Biko: Who articulates him best?
Julius Malema’s plea late last year to be “treated like Mandela” was met with a volley of jibes from some of his former comrades in the ANC and the general public. But some, myself included, just laughed it off.
Malema’s laughable plea stemmed from his false perception of himself as a leader of our former president’s caliber.
South Africans have gotten used to ANC leaders’ public spats to the extent of turning them into jokes. Their vitriolic verbal exchanges don’t raise eyebrows anymore. It’s free entertainment.
But what should we say when well-respected commentators stoop to the same level?
This brings me to Andile Mngxitama and Xolela Mangcu’s recent verbal fight.
Mangcu’s recently published book Biko: A biography started it all. In this book Mangcu traces Biko’s black consciousness philosophy to pronouncements by early leaders and thinkers such as Tiyo Soga and King Hintsa. He also brings to the attention of the reader Biko’s early days in Ginsburg near King William’s Town, Eastern Cape – something that most writers have overlooked.
I have read Biko’s biographies and I must say, this one is the most comprehensive of them all.
This book seems to have irked Mngxitama to the bone. In his review of the book in the Mail and Guardian, Mngxitama tore in Mangcu for what he calls “a vulgarization of Biko’s name”. According to him “Mangcu’s grasp of black consciousness is too limited to allow him the scope to deal with Biko in a satisfactory manner”. He also rebukes Mangcu for “dragging us to Ginsburg and for tracing Biko’s philosophical genealogy to Xhosaland instead of Martinique. He ends his tirade by branding him an “obsessed tribalist”.
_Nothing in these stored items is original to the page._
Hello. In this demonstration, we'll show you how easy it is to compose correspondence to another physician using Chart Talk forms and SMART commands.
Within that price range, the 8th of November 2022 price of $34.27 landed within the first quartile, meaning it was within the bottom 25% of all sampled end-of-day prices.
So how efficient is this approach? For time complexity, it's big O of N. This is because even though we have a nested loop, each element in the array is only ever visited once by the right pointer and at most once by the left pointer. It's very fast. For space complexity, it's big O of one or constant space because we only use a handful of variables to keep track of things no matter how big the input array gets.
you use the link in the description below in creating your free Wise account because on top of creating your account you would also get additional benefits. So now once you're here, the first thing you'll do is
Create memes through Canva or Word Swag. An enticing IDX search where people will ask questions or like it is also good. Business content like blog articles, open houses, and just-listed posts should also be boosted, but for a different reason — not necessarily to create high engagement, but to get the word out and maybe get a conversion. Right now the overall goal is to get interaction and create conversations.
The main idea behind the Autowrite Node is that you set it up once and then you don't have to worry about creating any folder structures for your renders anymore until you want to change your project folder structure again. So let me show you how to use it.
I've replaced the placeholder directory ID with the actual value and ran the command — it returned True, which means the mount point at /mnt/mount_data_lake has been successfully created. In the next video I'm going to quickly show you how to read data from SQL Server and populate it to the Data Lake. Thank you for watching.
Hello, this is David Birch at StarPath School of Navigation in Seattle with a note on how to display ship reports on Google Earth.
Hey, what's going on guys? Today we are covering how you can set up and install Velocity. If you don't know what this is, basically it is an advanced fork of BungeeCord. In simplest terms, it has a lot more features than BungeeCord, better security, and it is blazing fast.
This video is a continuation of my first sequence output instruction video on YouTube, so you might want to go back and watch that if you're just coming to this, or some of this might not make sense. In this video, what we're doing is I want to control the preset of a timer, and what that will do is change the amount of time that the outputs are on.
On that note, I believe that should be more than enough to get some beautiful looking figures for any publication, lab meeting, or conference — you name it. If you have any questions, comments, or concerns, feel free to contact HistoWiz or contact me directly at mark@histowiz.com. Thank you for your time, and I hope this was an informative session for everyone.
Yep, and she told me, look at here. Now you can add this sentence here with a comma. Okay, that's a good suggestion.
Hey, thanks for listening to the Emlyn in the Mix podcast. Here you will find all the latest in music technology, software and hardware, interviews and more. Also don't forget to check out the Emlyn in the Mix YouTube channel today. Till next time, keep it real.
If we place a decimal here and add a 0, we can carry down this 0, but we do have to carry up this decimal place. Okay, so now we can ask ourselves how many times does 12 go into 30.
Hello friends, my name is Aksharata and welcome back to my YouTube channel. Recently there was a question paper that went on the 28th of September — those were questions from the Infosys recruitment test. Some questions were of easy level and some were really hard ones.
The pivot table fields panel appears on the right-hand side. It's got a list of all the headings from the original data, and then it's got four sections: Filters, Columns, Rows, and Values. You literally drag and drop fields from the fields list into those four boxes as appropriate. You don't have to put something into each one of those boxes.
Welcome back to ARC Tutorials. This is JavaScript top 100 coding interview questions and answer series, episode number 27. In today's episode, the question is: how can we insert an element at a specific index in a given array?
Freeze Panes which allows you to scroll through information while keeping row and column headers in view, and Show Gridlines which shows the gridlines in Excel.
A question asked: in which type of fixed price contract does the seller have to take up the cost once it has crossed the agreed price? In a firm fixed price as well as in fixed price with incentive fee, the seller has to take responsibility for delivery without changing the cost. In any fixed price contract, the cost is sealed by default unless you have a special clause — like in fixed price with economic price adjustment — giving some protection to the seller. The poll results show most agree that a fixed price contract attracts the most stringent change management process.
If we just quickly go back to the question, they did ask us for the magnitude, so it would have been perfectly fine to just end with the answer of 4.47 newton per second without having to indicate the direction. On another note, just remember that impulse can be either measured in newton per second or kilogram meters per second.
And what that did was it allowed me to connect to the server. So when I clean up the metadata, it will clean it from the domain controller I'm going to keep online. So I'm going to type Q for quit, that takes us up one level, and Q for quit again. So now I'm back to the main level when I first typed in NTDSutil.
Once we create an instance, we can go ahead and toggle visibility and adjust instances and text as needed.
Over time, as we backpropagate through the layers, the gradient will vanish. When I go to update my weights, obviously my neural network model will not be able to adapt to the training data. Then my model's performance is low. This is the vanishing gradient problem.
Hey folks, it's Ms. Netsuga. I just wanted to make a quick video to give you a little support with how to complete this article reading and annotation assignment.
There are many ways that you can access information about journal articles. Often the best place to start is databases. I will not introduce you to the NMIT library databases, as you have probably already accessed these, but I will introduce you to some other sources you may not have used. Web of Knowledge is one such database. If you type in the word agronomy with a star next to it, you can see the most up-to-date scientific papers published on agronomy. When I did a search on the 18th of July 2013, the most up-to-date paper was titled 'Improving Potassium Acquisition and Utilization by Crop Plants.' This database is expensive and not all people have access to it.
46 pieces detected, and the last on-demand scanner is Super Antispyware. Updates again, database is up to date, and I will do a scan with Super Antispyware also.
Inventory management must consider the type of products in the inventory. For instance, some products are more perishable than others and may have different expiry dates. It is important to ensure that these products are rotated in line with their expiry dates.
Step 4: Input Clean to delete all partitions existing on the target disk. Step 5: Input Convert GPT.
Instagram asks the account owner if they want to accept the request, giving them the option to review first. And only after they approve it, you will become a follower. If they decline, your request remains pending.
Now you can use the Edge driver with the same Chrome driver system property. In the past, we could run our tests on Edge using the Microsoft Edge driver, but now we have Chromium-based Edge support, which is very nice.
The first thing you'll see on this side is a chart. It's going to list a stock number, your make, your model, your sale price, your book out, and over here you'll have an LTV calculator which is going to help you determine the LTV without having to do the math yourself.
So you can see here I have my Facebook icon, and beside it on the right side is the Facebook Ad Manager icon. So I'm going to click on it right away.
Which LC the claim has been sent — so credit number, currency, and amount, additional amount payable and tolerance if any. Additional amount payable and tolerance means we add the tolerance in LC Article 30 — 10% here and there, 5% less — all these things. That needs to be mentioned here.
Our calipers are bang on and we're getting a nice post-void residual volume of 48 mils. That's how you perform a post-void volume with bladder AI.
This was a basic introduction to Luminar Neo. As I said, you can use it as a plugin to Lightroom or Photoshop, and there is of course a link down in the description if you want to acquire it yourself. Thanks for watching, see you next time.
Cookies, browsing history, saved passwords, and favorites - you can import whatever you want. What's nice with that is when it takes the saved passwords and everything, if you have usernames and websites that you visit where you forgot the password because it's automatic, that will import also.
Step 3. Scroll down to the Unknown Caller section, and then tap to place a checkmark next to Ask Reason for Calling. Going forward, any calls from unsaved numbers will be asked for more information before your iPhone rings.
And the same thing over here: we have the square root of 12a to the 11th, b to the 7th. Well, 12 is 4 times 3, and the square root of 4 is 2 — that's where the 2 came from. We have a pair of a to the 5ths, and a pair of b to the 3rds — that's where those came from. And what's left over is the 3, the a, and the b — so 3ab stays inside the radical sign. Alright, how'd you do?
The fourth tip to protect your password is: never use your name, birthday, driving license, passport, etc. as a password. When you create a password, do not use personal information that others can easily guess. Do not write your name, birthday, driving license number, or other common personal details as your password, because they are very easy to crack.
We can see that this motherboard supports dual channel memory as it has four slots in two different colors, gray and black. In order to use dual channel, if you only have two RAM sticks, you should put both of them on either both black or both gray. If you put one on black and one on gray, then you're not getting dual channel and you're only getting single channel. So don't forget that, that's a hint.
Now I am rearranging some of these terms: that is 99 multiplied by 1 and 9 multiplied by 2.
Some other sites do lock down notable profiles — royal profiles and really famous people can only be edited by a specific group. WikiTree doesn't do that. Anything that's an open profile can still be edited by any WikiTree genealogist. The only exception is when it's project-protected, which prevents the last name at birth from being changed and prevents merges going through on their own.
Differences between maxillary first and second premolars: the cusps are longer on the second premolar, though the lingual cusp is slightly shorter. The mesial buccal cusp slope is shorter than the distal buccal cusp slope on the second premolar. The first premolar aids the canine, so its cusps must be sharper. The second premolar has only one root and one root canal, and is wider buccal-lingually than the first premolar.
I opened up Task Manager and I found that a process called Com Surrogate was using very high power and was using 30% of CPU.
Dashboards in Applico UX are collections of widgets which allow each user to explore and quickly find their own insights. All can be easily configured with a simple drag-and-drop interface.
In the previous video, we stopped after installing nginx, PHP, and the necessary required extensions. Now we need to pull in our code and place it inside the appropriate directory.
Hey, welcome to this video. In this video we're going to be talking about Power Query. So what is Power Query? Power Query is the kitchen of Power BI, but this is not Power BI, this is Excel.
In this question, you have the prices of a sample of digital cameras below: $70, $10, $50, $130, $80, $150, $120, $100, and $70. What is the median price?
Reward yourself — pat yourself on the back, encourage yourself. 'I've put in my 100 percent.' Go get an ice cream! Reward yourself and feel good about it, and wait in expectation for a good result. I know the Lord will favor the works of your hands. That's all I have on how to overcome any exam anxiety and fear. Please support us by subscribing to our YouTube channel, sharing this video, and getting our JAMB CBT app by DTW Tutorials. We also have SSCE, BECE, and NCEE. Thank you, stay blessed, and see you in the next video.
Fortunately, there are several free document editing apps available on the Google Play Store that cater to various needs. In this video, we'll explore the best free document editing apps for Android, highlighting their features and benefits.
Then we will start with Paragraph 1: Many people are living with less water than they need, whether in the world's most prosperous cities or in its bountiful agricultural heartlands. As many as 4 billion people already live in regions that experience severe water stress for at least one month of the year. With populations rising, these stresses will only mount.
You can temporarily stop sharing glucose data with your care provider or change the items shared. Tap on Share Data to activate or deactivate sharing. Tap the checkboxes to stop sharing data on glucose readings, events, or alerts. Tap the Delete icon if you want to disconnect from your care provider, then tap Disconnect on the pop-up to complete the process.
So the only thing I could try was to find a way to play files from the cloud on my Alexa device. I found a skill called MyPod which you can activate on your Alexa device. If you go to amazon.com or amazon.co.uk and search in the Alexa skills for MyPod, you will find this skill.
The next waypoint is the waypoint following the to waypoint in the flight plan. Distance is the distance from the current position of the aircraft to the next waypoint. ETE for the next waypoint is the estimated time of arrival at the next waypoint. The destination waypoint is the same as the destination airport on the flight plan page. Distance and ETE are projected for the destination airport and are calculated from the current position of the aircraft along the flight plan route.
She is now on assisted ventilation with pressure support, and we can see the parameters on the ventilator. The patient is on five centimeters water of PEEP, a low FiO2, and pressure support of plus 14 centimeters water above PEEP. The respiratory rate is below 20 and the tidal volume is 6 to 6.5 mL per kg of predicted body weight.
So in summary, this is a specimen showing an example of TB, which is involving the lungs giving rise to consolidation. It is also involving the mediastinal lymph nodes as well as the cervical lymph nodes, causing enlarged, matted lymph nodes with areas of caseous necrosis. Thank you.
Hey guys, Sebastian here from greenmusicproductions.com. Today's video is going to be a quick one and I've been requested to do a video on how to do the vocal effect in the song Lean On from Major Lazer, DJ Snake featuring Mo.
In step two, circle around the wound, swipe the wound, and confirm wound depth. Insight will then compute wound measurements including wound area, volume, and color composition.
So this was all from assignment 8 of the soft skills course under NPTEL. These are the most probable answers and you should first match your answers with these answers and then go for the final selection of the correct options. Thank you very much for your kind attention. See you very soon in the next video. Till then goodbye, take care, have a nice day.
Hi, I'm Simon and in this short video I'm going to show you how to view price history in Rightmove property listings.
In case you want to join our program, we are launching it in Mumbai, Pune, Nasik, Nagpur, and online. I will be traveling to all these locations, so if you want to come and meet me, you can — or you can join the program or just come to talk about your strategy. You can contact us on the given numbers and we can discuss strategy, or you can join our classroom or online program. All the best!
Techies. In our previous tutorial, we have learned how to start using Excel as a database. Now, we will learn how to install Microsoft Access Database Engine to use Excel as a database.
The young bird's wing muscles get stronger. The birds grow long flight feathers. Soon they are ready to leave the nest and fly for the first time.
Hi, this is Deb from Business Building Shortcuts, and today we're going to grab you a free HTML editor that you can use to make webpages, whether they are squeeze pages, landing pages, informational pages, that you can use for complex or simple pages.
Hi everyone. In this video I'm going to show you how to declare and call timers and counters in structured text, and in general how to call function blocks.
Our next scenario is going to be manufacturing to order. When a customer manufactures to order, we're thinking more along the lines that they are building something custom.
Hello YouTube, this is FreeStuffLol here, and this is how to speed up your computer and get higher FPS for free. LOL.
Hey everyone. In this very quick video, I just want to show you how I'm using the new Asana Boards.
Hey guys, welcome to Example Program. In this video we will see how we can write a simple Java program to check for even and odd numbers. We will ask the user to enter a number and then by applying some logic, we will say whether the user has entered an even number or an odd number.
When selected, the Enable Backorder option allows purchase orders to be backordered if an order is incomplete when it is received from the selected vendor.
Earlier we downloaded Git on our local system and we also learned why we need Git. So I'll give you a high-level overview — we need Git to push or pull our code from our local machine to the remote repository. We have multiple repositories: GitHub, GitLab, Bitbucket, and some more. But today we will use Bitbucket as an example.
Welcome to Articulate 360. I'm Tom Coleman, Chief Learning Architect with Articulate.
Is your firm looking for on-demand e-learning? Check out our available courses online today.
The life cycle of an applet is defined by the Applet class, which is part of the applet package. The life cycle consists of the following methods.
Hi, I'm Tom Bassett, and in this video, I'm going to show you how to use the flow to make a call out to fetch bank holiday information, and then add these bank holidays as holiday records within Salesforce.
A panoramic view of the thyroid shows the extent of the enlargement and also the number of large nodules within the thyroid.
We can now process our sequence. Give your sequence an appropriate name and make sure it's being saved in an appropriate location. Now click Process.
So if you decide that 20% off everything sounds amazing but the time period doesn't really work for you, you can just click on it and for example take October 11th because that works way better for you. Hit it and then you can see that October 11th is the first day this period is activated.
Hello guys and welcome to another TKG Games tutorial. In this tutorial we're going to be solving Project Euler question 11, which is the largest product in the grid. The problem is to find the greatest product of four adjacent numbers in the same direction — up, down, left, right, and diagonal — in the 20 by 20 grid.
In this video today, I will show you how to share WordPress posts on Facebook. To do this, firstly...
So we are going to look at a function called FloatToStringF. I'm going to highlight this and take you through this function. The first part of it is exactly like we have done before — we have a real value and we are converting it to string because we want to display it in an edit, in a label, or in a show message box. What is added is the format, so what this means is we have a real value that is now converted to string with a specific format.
I must say, I thought Mangcu was going to turn the other chick and let us (readers) judge for ourselves. But it seems he found Mngxitama’s verbal onslaught too unbearable to be ignored.
Some few days later, the spectacled one retaliated with a heavily worded article in the same publication, hurling words such as “sophistry, patronizing and myopia”, in the direction of his opponent. He also blames Mngxitama for “distorting Biko’s view of Nelson Mandela and spinning yarns about Oliver Tambo”. Oh, he also asked: What is the guy smoking?
Both these gentleman (I still respect them) have done a wonderful job spreading the black consciousness gospel. Through their writings, they’ve revived Biko and his philosophy in many peoples’ minds.
But their public spats have left my 15 years old cousin confused. Now he wants to know who, between the two commentators, articulates Biko him best.
I told him that his answer lies in Biko’s own words. That he should first read Biko’s own writings before reading Mangcu and Mngxitama’s articulations of him.
The look on his face told me that he wasn’t satisfied with my answer. It’s clear he expected me choose between the two.
I recommended him to read Biko’s writtings because I think his own words speak volumes about who he really was and what he stood for. I think this will go a very long way in helping him to evaluate these two commentators’ articulations. For instance it will, amongst other things, help him wise-up to the fact that black consciousness is not a tribalist or racist philosophy.
Our few minutes conversation made me realize just how important critical thinking skills are. My biggest concern is that without these skills my little cousin and many other folks like him will find it difficult to navigate our increasingly noisy and crowded marketplace of ideas. They will passively accept what opinion leaders feed them. And ultimately they will become blind followers of deceptive ideas.
I could be wrong, but that’s just the way I see it.